彼女の切に訴える声が私の体中に染み渡る。
私はもう一度彼女を強く抱き締めた。
溢れてくる涙が止まらなかった。
その時背後で神経質な叫声が響いた。…お悦であった。
「…チクショウ…!どうなってるんだ…!!一体どうしちまったって言うんだ!?」
彼女は半狂乱で、九條を見て怒鳴った。
「九條の旦那!!一体全体どうなってるのサ!?」
そのお悦の問いに、山高氏が高々と笑いながら答えた。
「お悦や、何が何だか解らない様だから教えてあげる。
先刻までお英の胎内にいたお前を、追い出したのだよ。
“追い出した”と言うより“押し出した”と言う方が正しいかね…このアタシがやった事だよ。
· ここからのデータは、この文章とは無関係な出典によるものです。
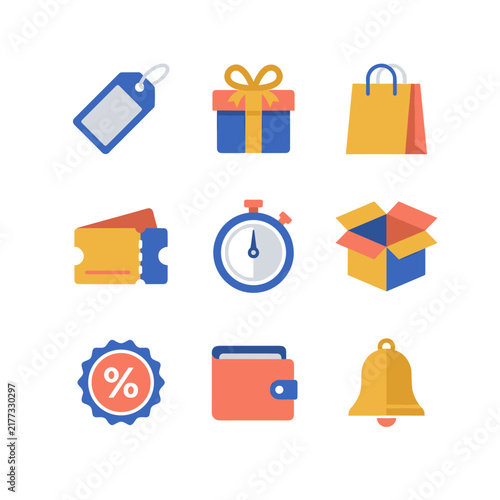 Colorful flat icons set for shopping and business concepts.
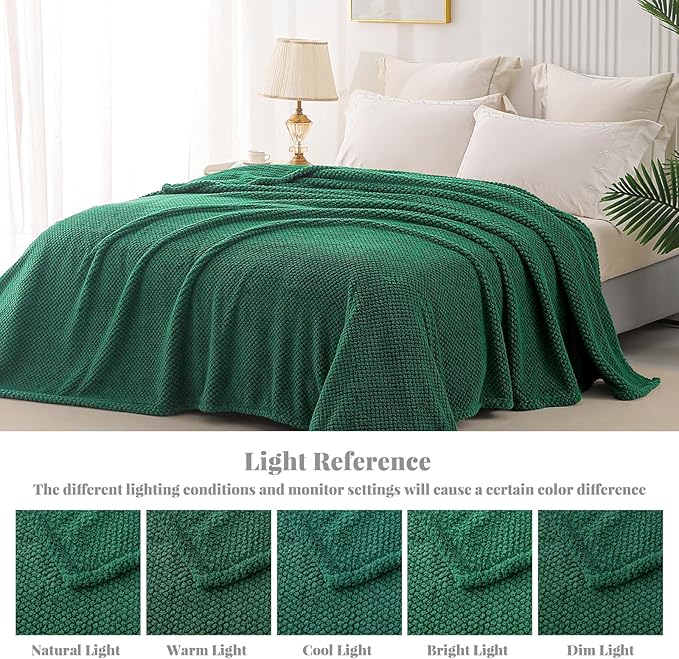 Whale Flotilla Queen Size Fuzzy Fleece Blanket for Bed, 90x90 Inch Fluffy Warm Soft Jacquard Blankets for All Season, Lightweight and Cozy, Deep Green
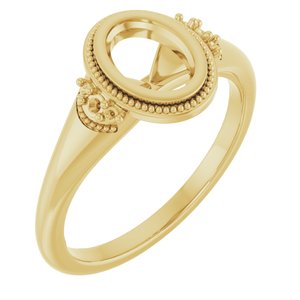 14K Yellow Gold 7x5 mm Oval Engagement Ring Mounting
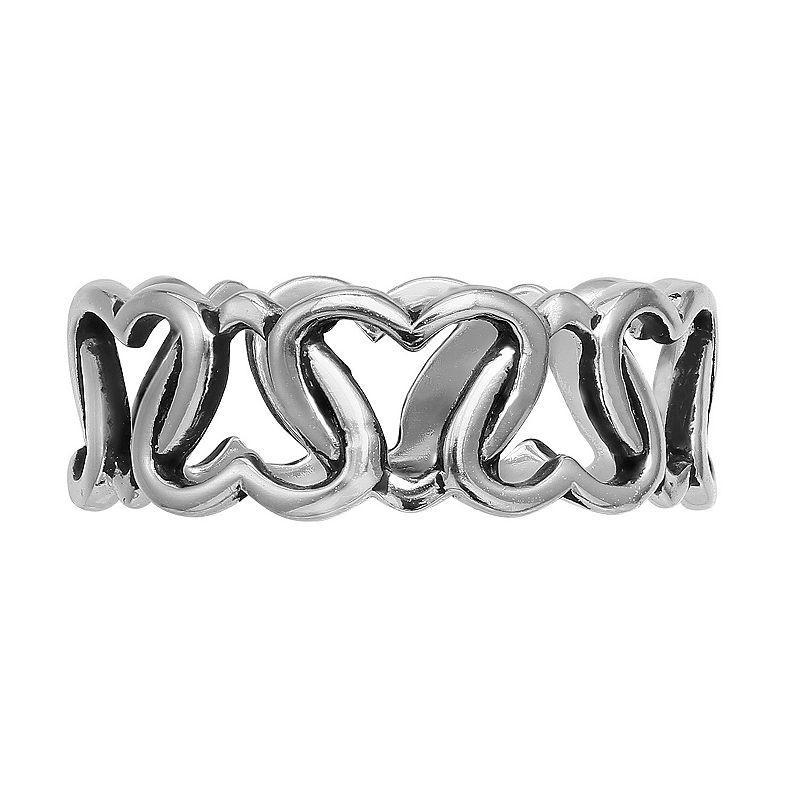 PRIMROSE Sterling Silver Interlocking Heart Ring, Womens Product Image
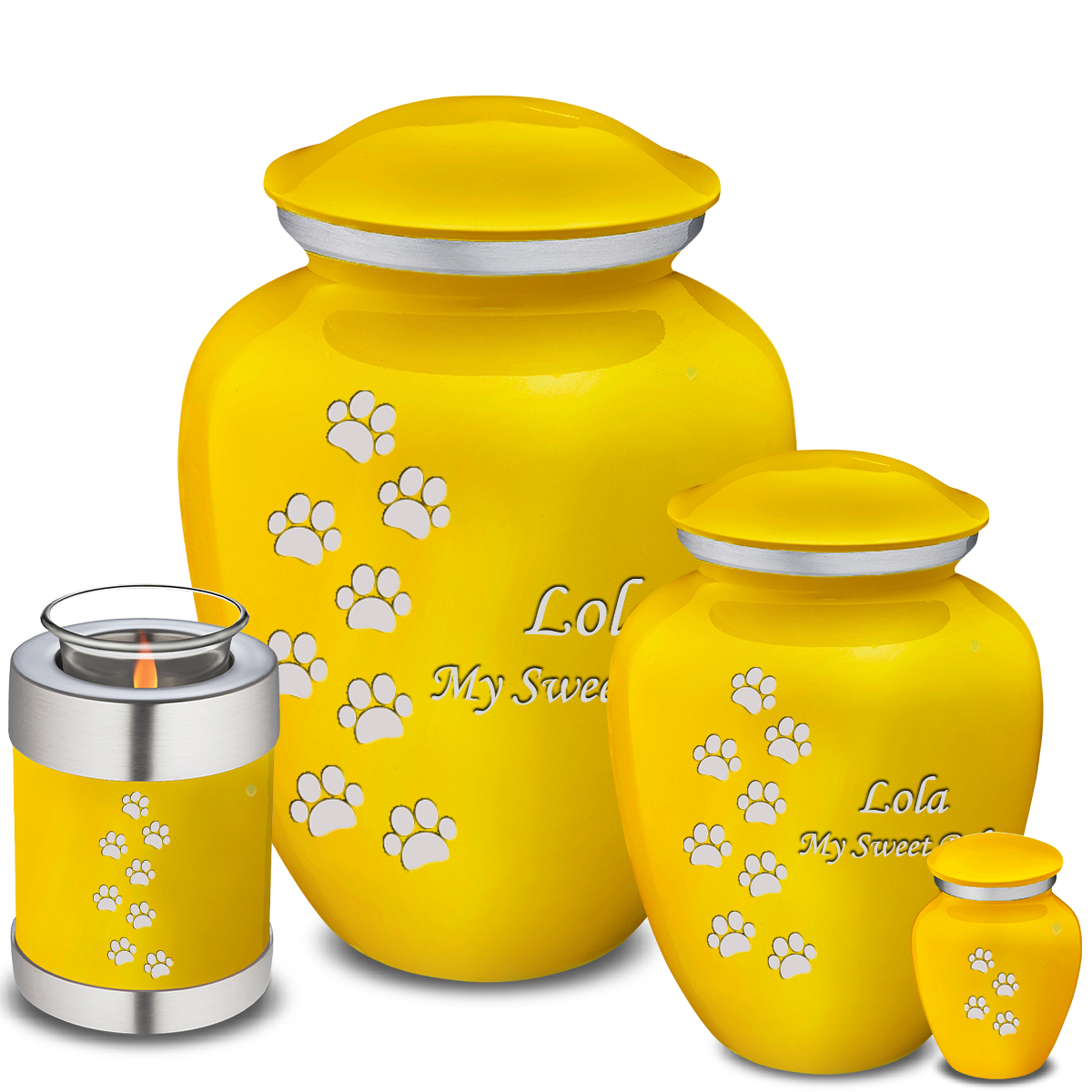 Medium Embrace Yellow Walking Paws Pet Cremation Urn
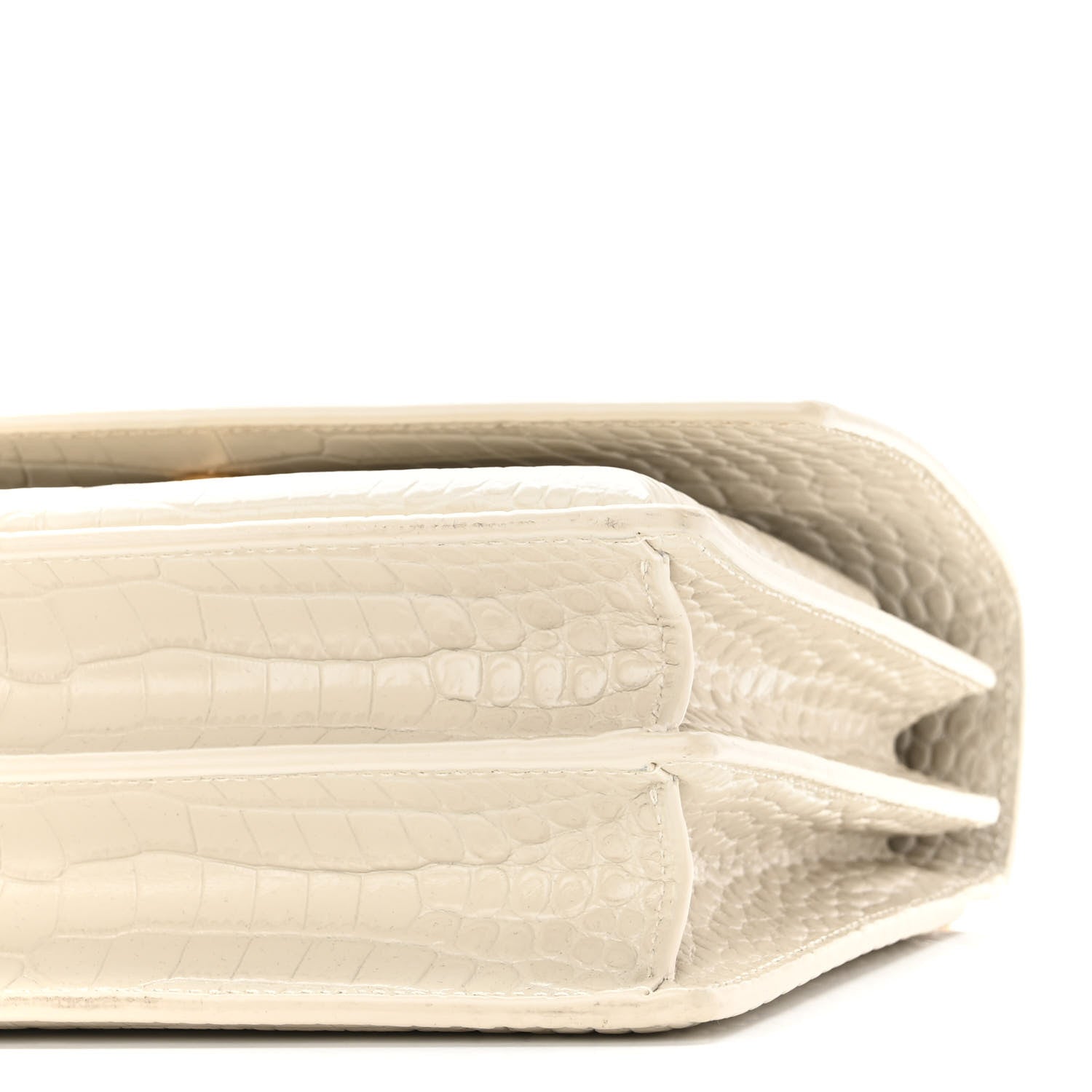 Saint Laurent Calfskin Crocodile Embossed Medium Monogram Sunset Blanc Vintage 8 of 9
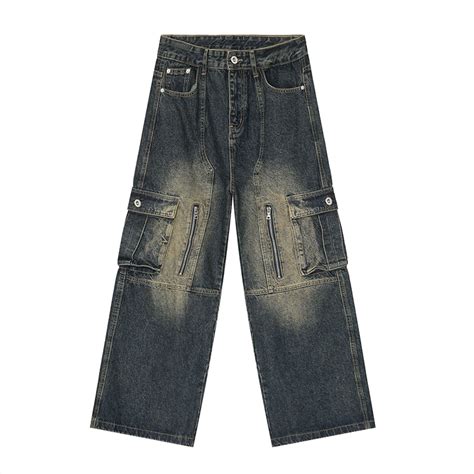 Hip Hop American Washed Multi Pocket Jeans Helloice Apparel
残念だが、九條の旦那にはどうする事も出来ゃあしない。
…しかし誤算で御座ったなァ、九條の旦那ァ!アンタ、やはり耄碌したのでないかね?お英の魂をステッキに見せかけていたのに気付かないとは!まぁ無理もない…此処は…」
彼は両の腕を、翼の様に広げてみせた。
その時、山高氏の両の手首に血の様な赤をした美しい数珠が有るのに気が付いた。
「結界が張り巡らされている!!そう…いわばアンタはあたしの手中にいるも同然!!」
その挑発的な山高氏の言葉に、当然九條はお悦の倍以上の怒りを、露わにして叫ぶ。
「…もはや問答無用だな!!!脅すだけにして終いにしようかとも一瞬考えたが…!
…音輪丸よ、やはり貴様にはこの世に留まっていてもらっては困る…!!
邪魔だ!邪魔なのだ!!牛鬼の糧になり、未来永劫 私の下僕となるがいい!!!」
その九條の声に反応した牛鬼が咆吼し、不気味で…巨大な躰で山高氏に向かって飛びかかった。
「7」へ続きます。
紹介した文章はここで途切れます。